Mahathir menegaskan, dari 222 kursi parlemen yang diperebutkan dalam pemilu, GTA menargetkan 120 di antaranya. Namun, belum ada keputusan apakah Mahathir akan kembali mencalonkan diri jadi PM atau tidak.
”Kami belum memutuskan siapa yang bakal diusung sebagai PM, karena keputusan itu hanya relevan jika kami menang,” ujar PM Malaysia terlama tersebut dalam konferensi pers di Putrajaya kemarin, seperti dikutip New Straits Times.
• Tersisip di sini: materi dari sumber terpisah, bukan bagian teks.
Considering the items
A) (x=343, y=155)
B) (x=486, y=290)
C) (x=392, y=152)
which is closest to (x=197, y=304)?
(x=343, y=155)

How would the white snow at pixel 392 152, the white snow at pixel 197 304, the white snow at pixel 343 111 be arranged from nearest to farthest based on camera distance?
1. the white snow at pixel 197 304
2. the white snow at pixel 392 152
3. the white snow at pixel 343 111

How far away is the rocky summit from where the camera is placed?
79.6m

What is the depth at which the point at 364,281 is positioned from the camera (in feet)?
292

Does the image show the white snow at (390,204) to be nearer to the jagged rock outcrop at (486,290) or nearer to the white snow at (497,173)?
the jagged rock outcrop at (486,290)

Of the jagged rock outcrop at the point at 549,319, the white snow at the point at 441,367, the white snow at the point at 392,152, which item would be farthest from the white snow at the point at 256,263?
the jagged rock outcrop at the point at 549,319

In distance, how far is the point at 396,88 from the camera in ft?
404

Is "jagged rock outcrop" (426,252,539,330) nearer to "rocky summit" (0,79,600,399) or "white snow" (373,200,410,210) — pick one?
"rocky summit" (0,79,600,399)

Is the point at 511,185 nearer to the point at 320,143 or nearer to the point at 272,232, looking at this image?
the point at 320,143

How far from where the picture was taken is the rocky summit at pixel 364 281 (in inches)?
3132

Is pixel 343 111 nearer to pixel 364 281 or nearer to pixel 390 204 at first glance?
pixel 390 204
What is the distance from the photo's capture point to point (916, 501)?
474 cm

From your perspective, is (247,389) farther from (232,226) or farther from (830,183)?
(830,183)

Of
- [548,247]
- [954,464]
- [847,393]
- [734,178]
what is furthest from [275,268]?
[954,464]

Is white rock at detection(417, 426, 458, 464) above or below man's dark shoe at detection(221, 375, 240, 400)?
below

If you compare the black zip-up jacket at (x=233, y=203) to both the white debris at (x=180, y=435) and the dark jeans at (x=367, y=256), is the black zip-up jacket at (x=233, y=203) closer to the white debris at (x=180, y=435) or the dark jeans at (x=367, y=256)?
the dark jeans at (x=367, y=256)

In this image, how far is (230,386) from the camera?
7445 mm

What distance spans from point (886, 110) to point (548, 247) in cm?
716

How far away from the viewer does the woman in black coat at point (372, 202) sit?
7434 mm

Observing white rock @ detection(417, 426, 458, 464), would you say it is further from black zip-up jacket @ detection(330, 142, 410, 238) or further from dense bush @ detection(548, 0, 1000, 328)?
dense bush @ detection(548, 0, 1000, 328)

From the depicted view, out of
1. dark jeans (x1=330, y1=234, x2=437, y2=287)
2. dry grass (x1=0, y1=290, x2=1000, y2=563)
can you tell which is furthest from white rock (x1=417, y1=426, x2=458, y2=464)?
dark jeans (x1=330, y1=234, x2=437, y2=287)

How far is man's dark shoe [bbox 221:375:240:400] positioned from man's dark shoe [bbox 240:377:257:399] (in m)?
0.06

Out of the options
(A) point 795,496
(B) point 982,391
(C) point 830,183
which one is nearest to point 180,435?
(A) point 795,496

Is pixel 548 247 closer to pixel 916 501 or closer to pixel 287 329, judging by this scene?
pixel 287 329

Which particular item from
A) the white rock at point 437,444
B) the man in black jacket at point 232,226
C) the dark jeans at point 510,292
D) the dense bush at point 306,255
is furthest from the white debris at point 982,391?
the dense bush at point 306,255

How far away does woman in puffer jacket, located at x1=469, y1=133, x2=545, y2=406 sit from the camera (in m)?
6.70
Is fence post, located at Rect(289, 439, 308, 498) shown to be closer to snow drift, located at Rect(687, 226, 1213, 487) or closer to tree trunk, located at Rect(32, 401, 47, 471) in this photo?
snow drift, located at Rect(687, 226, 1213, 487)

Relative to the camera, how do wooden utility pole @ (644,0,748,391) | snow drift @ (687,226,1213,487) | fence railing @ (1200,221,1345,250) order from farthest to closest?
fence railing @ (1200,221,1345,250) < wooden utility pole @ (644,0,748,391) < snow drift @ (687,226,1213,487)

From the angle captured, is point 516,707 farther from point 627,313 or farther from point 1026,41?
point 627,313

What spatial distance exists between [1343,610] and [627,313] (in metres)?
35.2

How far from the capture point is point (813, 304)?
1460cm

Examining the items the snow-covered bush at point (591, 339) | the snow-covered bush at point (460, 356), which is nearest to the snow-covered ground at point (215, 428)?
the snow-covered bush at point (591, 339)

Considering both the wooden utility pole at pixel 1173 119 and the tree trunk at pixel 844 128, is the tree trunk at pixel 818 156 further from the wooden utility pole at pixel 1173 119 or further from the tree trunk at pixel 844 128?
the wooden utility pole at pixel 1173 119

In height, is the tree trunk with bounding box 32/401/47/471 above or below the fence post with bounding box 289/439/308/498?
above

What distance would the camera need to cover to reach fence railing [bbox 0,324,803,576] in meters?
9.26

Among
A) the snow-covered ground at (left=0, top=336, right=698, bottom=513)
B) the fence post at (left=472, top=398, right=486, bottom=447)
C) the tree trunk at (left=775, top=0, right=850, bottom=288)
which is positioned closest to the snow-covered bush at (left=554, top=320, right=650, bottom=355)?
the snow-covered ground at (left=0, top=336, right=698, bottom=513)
Jika UMNO Menang, Najib Razak Bisa Bebas
Pemilu yang dimajukan dari jadwal yang semestinya itu membuka peluang kemenangan bagi Organisasi Nasional Malaysia Bersatu (UMNO). Menurut Mahathir, kemenangan UMNO bisa menjadi jalan kebebasan bagi mantan PM Malaysia Najib Razak.
Saat ini Najib menjalani hukuman 12 tahun penjara atas kasus korupsi 1Malaysia Development Berhad (1MDB). Ada beberapa dakwaan lain yang belum disidangkan. Jika dinyatakan bersalah atas semua dakwaan, Najib bisa mendekam puluhan tahun di balik jeruji besi.
”Jika mereka (UMNO, red) menang dan membentuk pemerintahan, tujuan pertamanya adalah membebaskan Najib. Najib akan diampuni, dibebaskan dari penjara, dan semua dakwaannya dicabut,” ucap Mahathir.
Saat ini, Najib masih berstatus anggota UMNO. Namun, karena masih dipenjara, dia tidak bisa ikut pemilu tahun ini. Najib diproses hukum setelah koalisi Pakatan Harapan (PH) memenangi pemilu ke-14 pada 2018. Itu kali pertama sejak Malaysia merdeka, UMNO kalah dalam pemilu.
Hingga Selasa (11/10), Komisi Pemilihan Umum (KPU) Malaysia belum mengumumkan kapan pesta demokrasi itu digelar. Mereka akan bertemu pekan ini untuk membahas isu tersebut. Raja Malaysia Sultan Abdullah Ahmad Shah meminta KPU segera menggelar pemilu. Sebab, biasanya pada November–Maret terjadi musim hujan yang berpotensi banjir.
PM Ismail Sabri Yaakob sudah membubarkan parlemen pada Senin (10/10). Beberapa media lokal memperkirakan pemilu digelar paling cepat 5 November nanti. Tanggal cadangannya adalah 12 dan 19 November. Berdasar aturan di Malaysia, pemerintah harus menggelar pemilu 60 hari setelah parlemen dibubarkan.
Pada Pemilu 2018, parlemen dibubarkan 6 April. Empat hari kemudian, KPU mengumumkan tanggal pemilu, yakni 9 Mei. Tiap parpol bisa berkampanye selama 11 hari. Jika cara penghitungannya sama, tahun ini KPU akan mengumumkan tanggal pemilu pada Jumat (14/10). Nominasi calon yang ikut bakal dilakukan pada 1 November. Kemudian, sangat mungkin pemungutan suara terjadi pada 12 November.
Sementara itu, harga saham Malaysia dan mata uang ringgit melemah sejak PM Ismail mengumumkan percepatan pemilu. Saham turun 1,6 persen. Perusahaan elektronik Inari Amertron, Press Metal Aluminium, dan Top Glove termasuk yang mengalami kerugian. Nilai mata uang ringgit juga turun 0,5 persen terhadap dolar AS.
Kepala Riset CGS-CIMB Malaysia Ivy Ng mengungkapkan, pemilu akan dipandang positif oleh pasar jika mampu mengembalikan stabilitas politik. Nah, dalam kasus di Malaysia, parlemen dibubarkan hanya tiga hari setelah mengajukan anggaran untuk tahun depan. Isi rencana anggaran itu adalah memotong pajak sambil tetap mempersempit defisit fiskal melalui subsidi yang lebih tepat sasaran.
Rencana anggaran tersebut harus diajukan lagi setelah pemilu digelar. Jika pemerintah Malaysia tidak mampu meloloskan anggaran 2023, itu bisa menjadi risiko utama yang dapat memicu aksi jual di bursa efek Malaysia, KLCI. ”Kami menyarankan investor untuk tetap defensif, mengingat ketidakpastian pemilu dan kekhawatiran atas resesi global,” tuturnya.